Collected data entries:
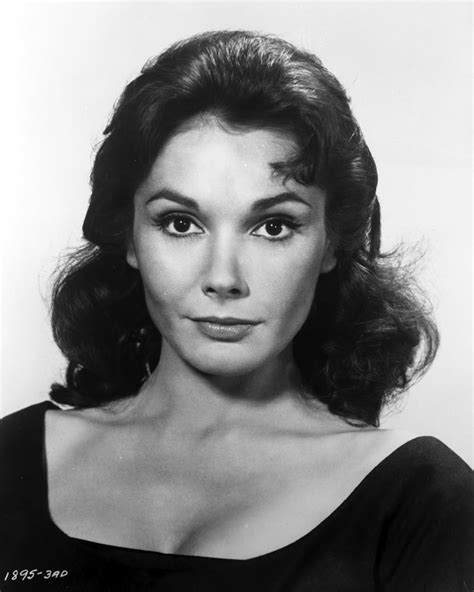 felicia farr actress biography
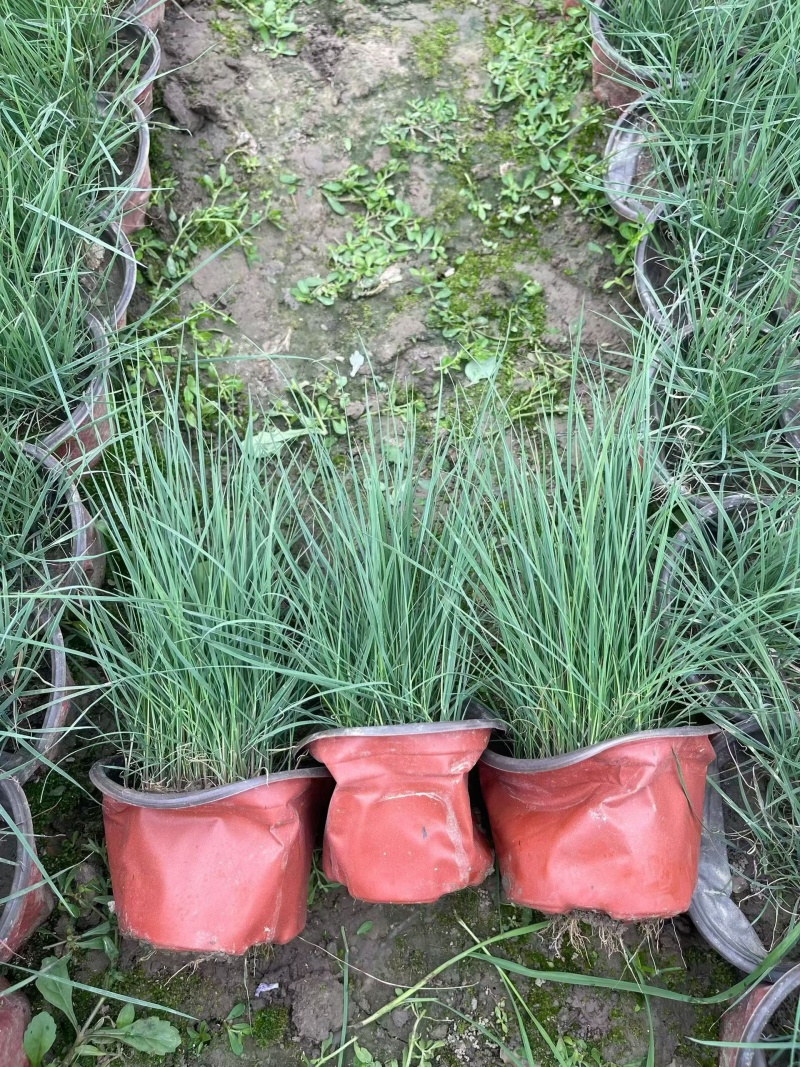 水生植物粉黛乱子草小杯、120杯，基地有量，欢迎来订购。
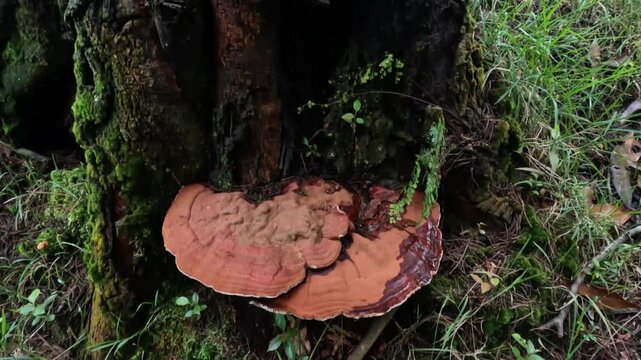 Lingzhi mushroom or Ganoderma lingzhi growing on a tree trunk.Ecology and environment concept.4K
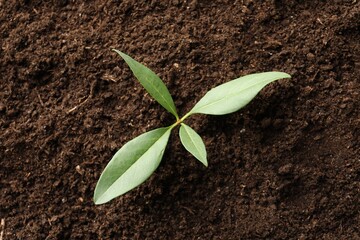 Young plant growing in soil as background, top view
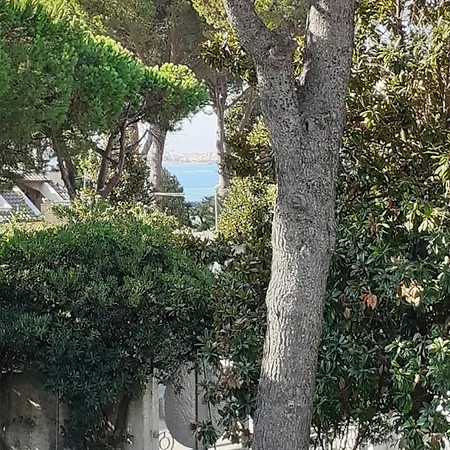 La Bouganville Appartamento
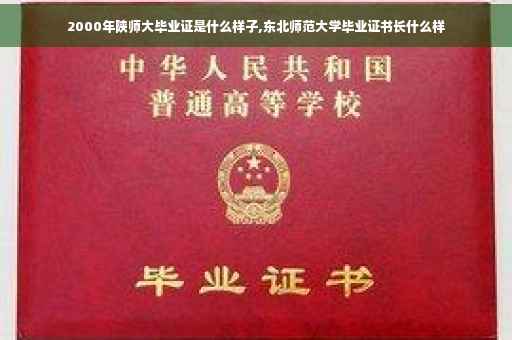 2000年陕师大毕业证是什么样子,东北师范大学毕业证书长什么样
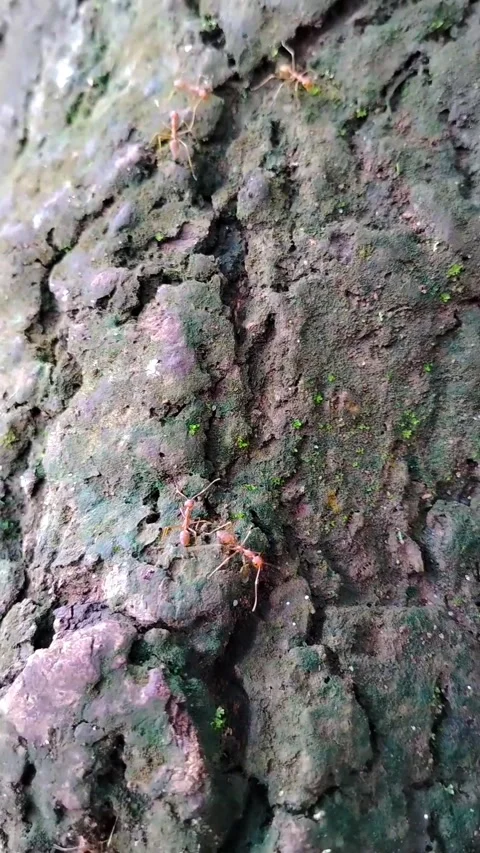 Weaver ants walking on trees Stock Footage 330288450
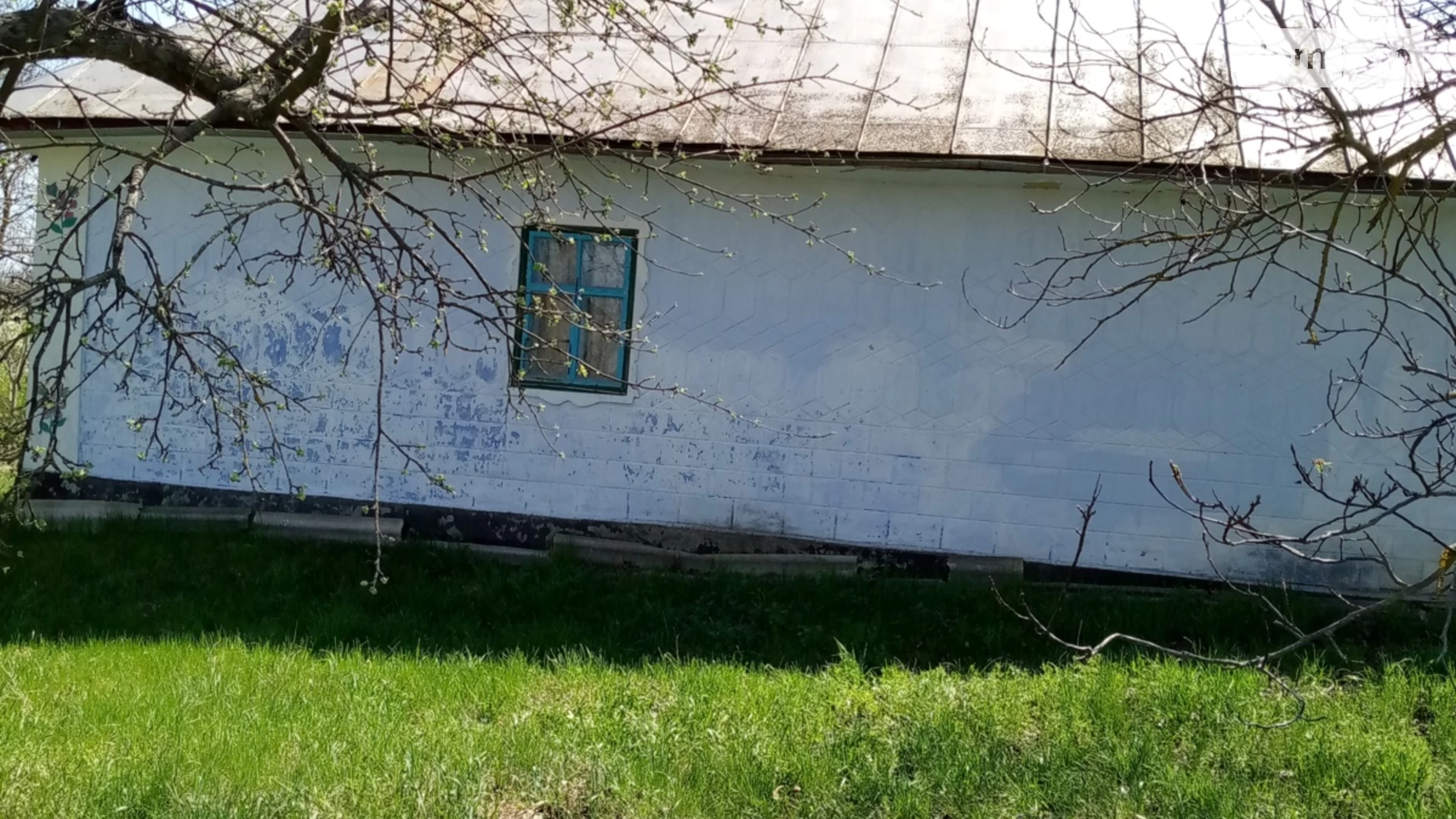 Щучинці, цена: 1800 $ - фото 4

• **What is being asked**: Every line from the one containing "Weaver ants walking" through the last line of the data is to be retyped exactly, with nothing added and no pictures included.

• **Solution**:
 Weaver ants walking on trees Stock Footage 330288450
 Щучинці, цена: 1800 $ - фото 4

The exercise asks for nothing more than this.